Wharton also said to his knowledge, the only increases in the budget were for a victim-survivor advocate, increased de-escalation, implicit bias training and salaries they were obligated to increase.
In addition to addressing concerns of the budget, attendees from the meeting also commented on the behavior of the city council members, who all videoed in from their respective homes. James Rogers, the city council member from District 1, attracted the most attention for his actions during the meeting.
“James Rogers’ behavior this entire meeting has been just kind of unbelievably dismissive and disdainful. I’m pretty blown away to see him leave the frame — to see him text, to see him visibly laughing at protester’s comments,” said Kelsey Harrison, an art history professor at the U.
Ashley Hamilton, an SLC resident, shared her personal experience with the police being dismissive towards her in an attempt to report a sexual assault. She said one officer gave her a form for filing a property destruction and another officer told her the case would most likely go nowhere.
“They did pick up my case and the guy was convicted,” Hamilton said, “but I had to go through two different men dismissing what I was saying, and that’s a reflection of a lack of training. If we are going to give them $84 million, we need to understand how that budget is being spent … because we have to do better. It’s unacceptable and we have to do better.”
Among callers were several University of Utah students, including the president of the Black Student Union and junior at the U, Maryan Shale.
“I know we are being repetitive … but that’s what it’s like being black in America. Being a black person in America is always repeating that your life matters. Being a black person is repeating that you are not a threat to society and being a black person is repeating that you can not breathe,” Shale said.

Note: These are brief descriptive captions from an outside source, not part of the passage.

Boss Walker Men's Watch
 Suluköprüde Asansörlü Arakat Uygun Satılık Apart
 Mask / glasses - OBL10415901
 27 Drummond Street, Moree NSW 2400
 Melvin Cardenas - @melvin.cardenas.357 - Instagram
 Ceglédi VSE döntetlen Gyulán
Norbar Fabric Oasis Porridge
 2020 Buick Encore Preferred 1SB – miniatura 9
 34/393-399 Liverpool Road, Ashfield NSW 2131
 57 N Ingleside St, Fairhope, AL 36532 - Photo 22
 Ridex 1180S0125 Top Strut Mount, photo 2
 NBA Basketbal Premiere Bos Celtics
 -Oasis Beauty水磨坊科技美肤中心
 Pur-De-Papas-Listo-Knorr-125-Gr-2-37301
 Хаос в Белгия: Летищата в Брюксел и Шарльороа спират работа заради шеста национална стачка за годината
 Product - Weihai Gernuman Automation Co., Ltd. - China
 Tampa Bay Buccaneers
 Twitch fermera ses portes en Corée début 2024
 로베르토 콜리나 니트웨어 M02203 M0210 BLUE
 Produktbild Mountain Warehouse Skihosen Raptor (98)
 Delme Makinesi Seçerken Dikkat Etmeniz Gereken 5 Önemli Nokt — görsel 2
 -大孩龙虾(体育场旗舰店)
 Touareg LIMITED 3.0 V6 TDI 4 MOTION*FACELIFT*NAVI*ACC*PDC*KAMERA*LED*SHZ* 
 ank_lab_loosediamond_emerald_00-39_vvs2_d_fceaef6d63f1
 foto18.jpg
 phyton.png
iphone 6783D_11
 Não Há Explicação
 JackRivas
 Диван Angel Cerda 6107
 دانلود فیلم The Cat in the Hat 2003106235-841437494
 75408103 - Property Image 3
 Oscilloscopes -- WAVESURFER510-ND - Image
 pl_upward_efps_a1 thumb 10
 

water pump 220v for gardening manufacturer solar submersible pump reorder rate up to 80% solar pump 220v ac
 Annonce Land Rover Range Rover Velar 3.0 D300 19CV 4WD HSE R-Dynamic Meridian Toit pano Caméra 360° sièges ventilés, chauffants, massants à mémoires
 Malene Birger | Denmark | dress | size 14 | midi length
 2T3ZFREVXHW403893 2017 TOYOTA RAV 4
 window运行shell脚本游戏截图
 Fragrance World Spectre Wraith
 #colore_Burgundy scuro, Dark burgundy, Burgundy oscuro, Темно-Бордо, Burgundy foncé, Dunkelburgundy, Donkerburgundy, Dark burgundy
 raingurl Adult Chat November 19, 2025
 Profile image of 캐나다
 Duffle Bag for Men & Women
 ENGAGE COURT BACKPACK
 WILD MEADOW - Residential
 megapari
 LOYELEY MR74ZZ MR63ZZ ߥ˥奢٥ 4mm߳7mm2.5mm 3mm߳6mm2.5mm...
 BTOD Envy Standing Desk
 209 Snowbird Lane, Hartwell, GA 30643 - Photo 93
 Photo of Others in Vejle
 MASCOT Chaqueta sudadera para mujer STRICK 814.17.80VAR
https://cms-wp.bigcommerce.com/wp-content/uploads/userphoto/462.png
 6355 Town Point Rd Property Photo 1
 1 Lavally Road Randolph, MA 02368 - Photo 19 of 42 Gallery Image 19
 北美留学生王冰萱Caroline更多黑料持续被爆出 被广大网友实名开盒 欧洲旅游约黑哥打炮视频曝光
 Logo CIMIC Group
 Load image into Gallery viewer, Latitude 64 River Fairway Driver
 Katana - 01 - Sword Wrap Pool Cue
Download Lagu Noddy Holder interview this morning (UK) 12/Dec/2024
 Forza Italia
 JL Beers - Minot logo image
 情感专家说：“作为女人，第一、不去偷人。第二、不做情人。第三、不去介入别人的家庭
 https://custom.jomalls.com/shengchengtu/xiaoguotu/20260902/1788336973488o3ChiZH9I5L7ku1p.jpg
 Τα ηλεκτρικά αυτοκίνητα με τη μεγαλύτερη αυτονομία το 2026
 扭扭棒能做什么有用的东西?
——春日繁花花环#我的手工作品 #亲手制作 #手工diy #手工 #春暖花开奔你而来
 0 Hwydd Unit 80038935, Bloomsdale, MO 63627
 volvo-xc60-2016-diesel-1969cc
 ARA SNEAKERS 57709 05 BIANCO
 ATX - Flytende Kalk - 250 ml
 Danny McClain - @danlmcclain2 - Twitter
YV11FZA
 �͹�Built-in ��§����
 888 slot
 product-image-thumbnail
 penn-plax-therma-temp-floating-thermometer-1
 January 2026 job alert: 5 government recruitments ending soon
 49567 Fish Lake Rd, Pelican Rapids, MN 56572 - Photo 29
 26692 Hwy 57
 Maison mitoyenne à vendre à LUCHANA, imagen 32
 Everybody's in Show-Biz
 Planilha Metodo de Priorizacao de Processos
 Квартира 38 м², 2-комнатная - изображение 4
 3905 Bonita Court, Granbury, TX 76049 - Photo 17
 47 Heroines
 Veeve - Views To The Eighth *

Daniel Johnson, a junior studying business at the U, echoed this sentiment.
“First, I’d like to start off by saying I can see everybody on the stream is very tired at this moment, but just imagine not being constantly your life as it is mine as a black man in this society. You do not get a break and being up to 11:52 [p.m.] is not even the start of how I feel in this experience,” Johnson said.
Thandi Msiska, a black undergraduate student and research assistant at the U, said the amount of money allocated to SLCPD is abhorrent and embarrassing.
Msiska acknowledged the council advocated for Pride Month, but said by enacting the curfew, militarizing the police and allocating $84 million to SLCPD, they are disgracing the black trans woman, Marsha P. Johnson, who led the Stonewall riots.
“The world is watching, literally. Why are there swarms of officers dressed like they’re about to go to World War Three? And who are they fighting? It is clear that police officers in downtown Salt Lake are not there to protect people,” Msiska said.
Others highlighted that a curfew forces a confrontation between peaceful protests and police, it targets lower-income residents who may work graveyard shifts and could hurt black and brown people who are unaware of the curfew.
“I feel like this curfew is a way to continue to oppress black individuals in an attempt to avoid addressing the problem of police brutality and I quite frankly am pretty outraged by this. I demand that the curfew be lifted,” said Mackenzie Bledsoe, a SLC resident of District 7.
The American Civil Liberties Union of Utah posted on their Instagram that they felt the curfew was a violation of people’s constitutional rights and they would pursue steps to protect First Amendment rights of residents.
On Wednesday, June 3, Mendenhall tweeted she lifted the weeklong curfew which was enacted on June 1 after facing massive backlash from SLC residents. The curfew was lifted after two days of peaceful protests.
Mendenhall announced in a tweet she had signed the Obama’s Foundation commit to Action Pledge, which she said would make a review of force policies in an attempt to be transparent with the public.
After hearing all comments past midnight, council members unanimously motioned to postpone voting on the budget, which was frequently discussed to a future meeting.